Matsukawa was the first geothermal power plant established in Japan. It started power production in October 1966, and is the only vapor-dominated geothermal field developed to date. The power plant has been continuously producing full power, 22MWe, for almost 27 years. Matsukawa is located about 600km northeast of Tokyo and about 27km northwest of Morioka, Japan. It is in the Hachimant*i volcanic region, one of the most active volcanic regions in Japan. This paper reviews reservoir engineering studies at Matsukawa. This includes a study of the current state of the reservoir studied mainly by pressure buildup tests, a study of the initial state of the reservoir studied mainly by reconstruction of a reservoir pressure profile, and a numerical modeling study of the natural state of the reservoir. Continued pressure buildup tests since 1986 have revealed that there is a lateral steam flow from southwest to northeast in the Matsukawa vapor-dominated reservoir, and most of the steam is suplied from southwest of the development area. This result suggests that the vapor-dominated reservoir extends further southwest than the area now being exploited. These conclusions are supported by production records and chemical data of produced steam. The study on the natural state of the Matsukawa geothermal reservoir has revealed that there was a thin vapor-dominated zone at the shallow part of the reservoir (around 300m to 400m depth) and the current production zone (800m to 1300m depth) was filled with liquid before exploitation.

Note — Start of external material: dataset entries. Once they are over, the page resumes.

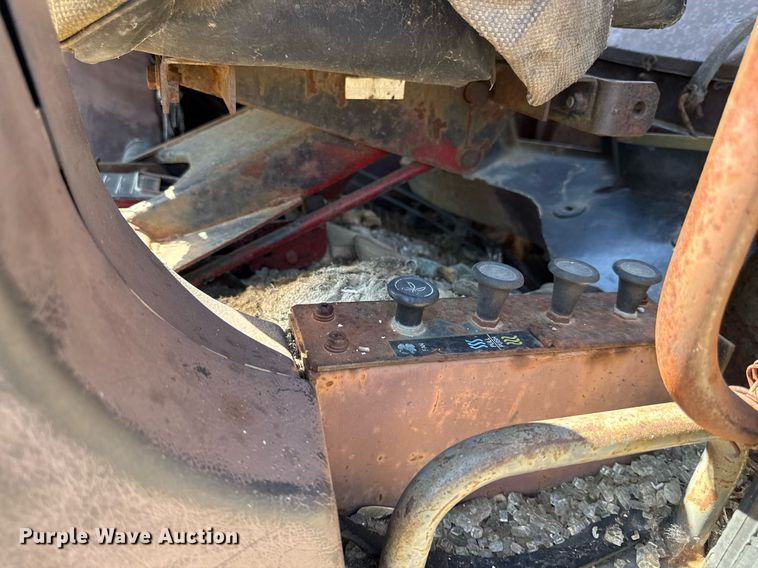 image for item DZ4083 MDI Yutanti MD120 excavator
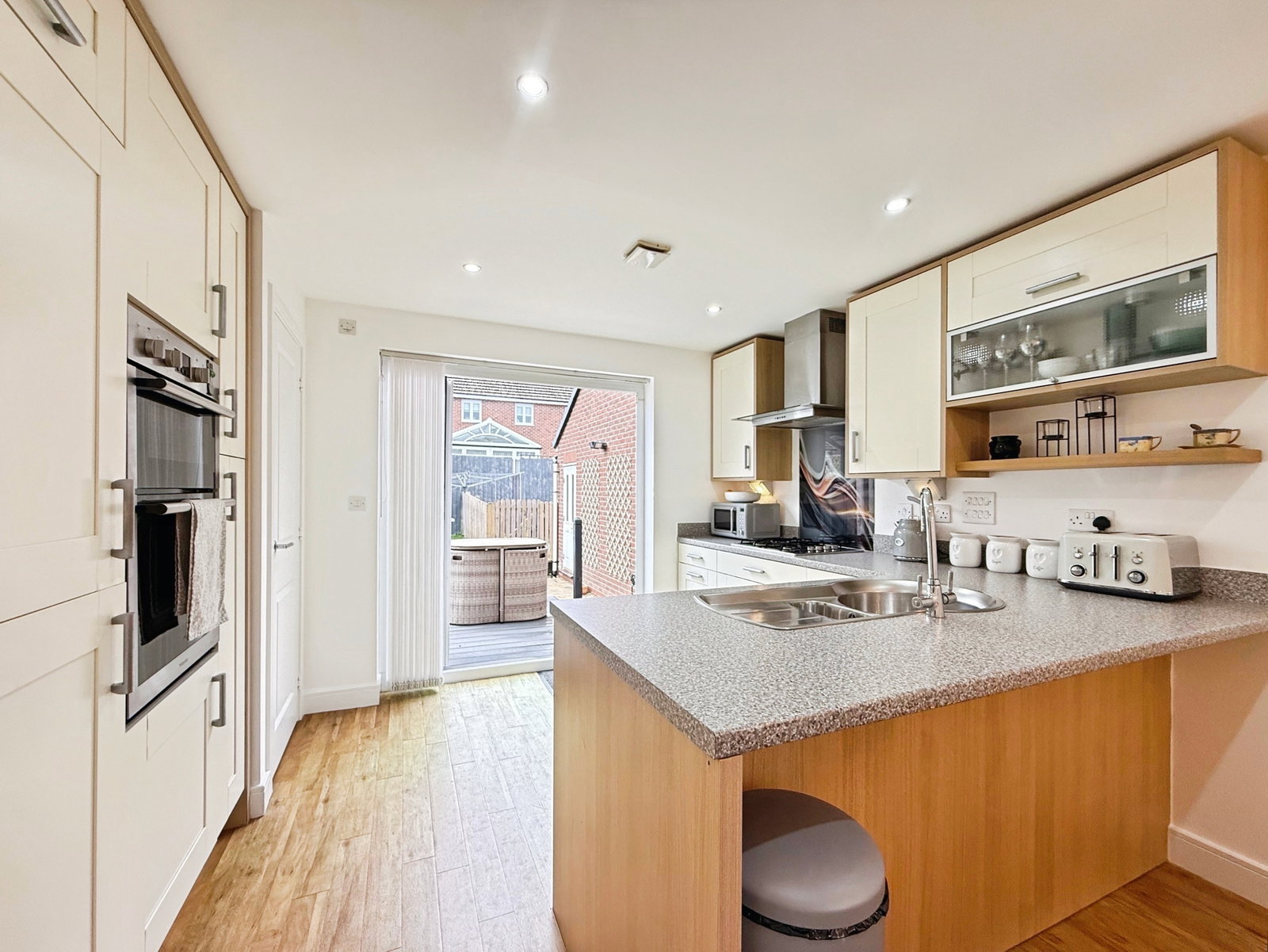 Detached House for sale in Swansea, Heol Daniel, Pontarddulais, Swansea, West Glamorgan SA4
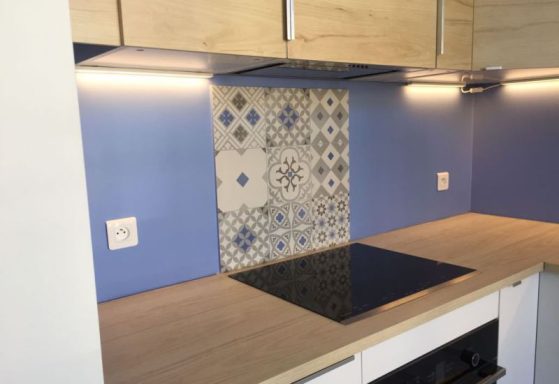 rénovation cuisine avec crédence dessus de plaque vitro en carrelage Leroy Merlin imitation carreaux de ciment gris et bleu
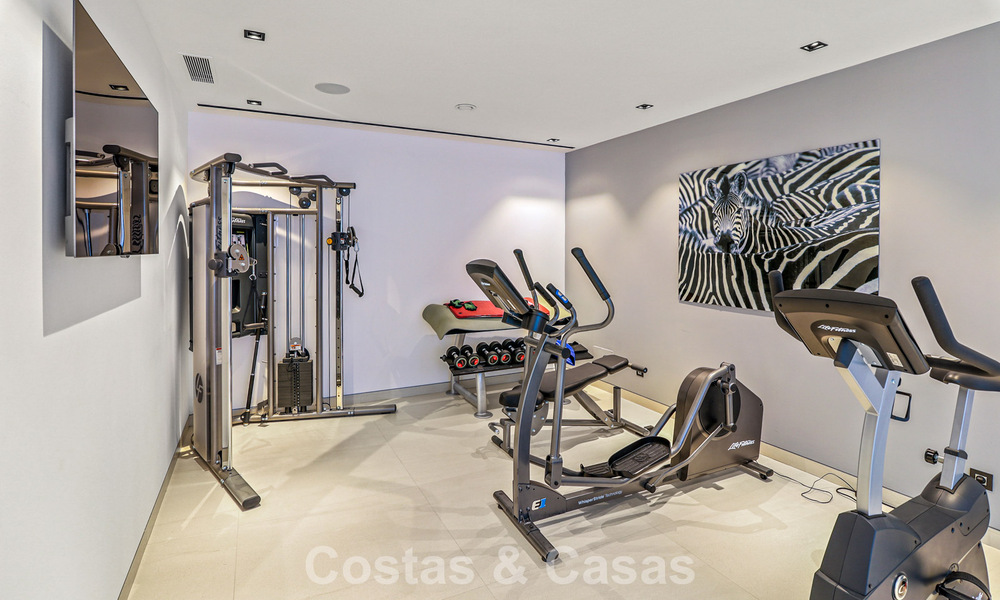 Exclusive contemporary villa with panoramic sea views for sale in Los Flamingos, a 5-Star Golf resort in Marbella - Benahavís 804786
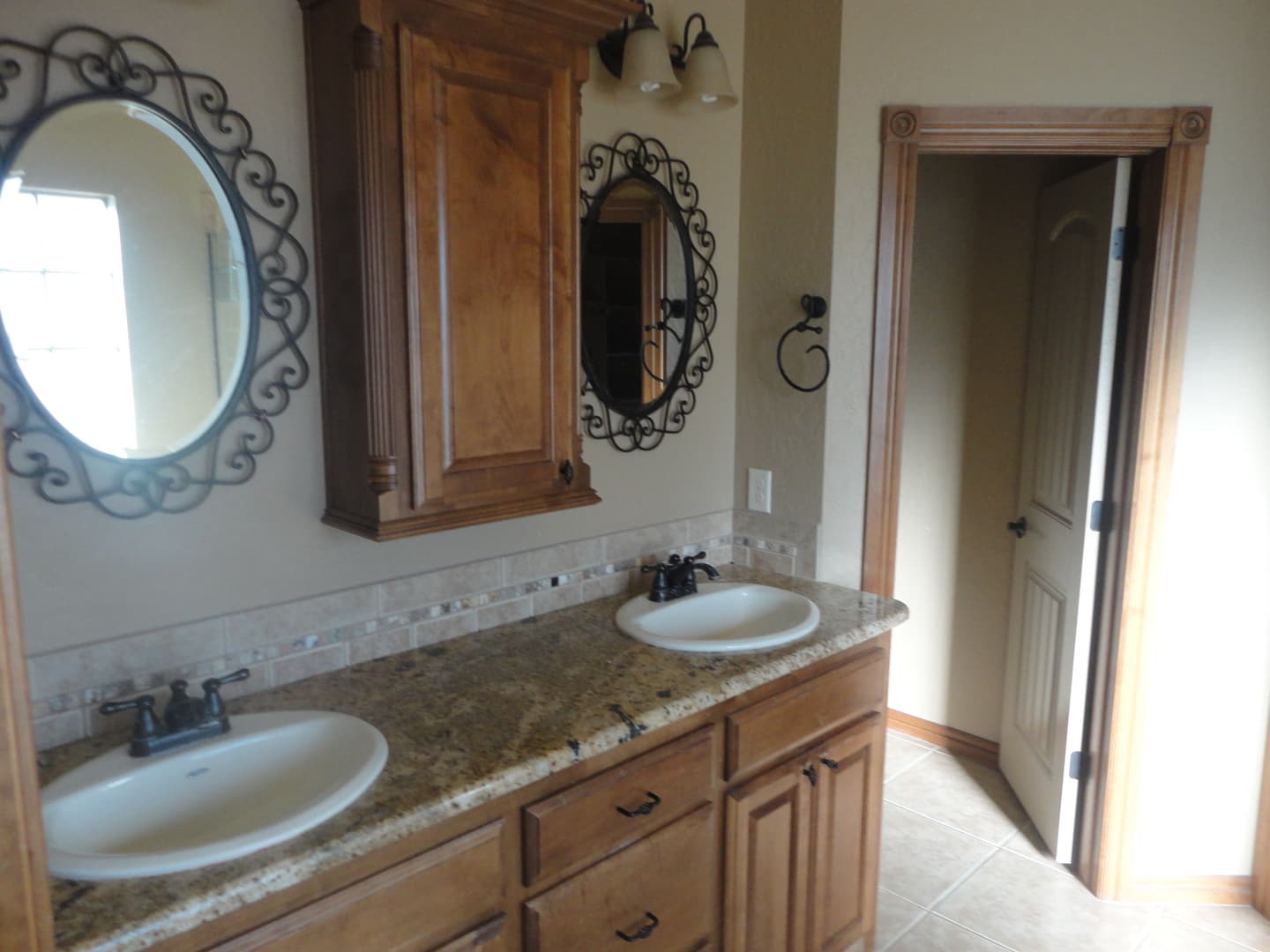 Elgin House: 6611 NE Watts Rd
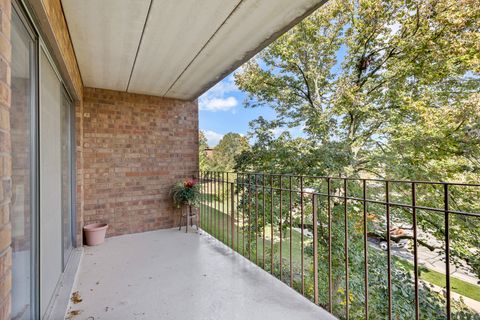 Tiny photo for 51 Old Oak Drive #302, Buffalo Grove, IL 60089 (MLS # 12490815)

Early production wells produced wet steam with some hot water at first, but they turned to produce only dry steam after a production period of 6 months to 1 year, because of the existence of low permeability aureole around the reservoir and high heat flow. Estimated conductive heat flux, 1.5W/m₂ is as high as that of The Geysers. The natural state modeling study showed that the model of the initial state of the reservoir, described above, was feasible. The results also indicated that the low permeability aureole was very important for the evolution of its natural state and also for production of superheated steam from the liquid zone below the thin vapor-dominated zone in the shallow part of the reservoir. Initial temperature distribution and the results of the simulation study suggest that there is an extensive heat source in the southwestern part of the reservoir.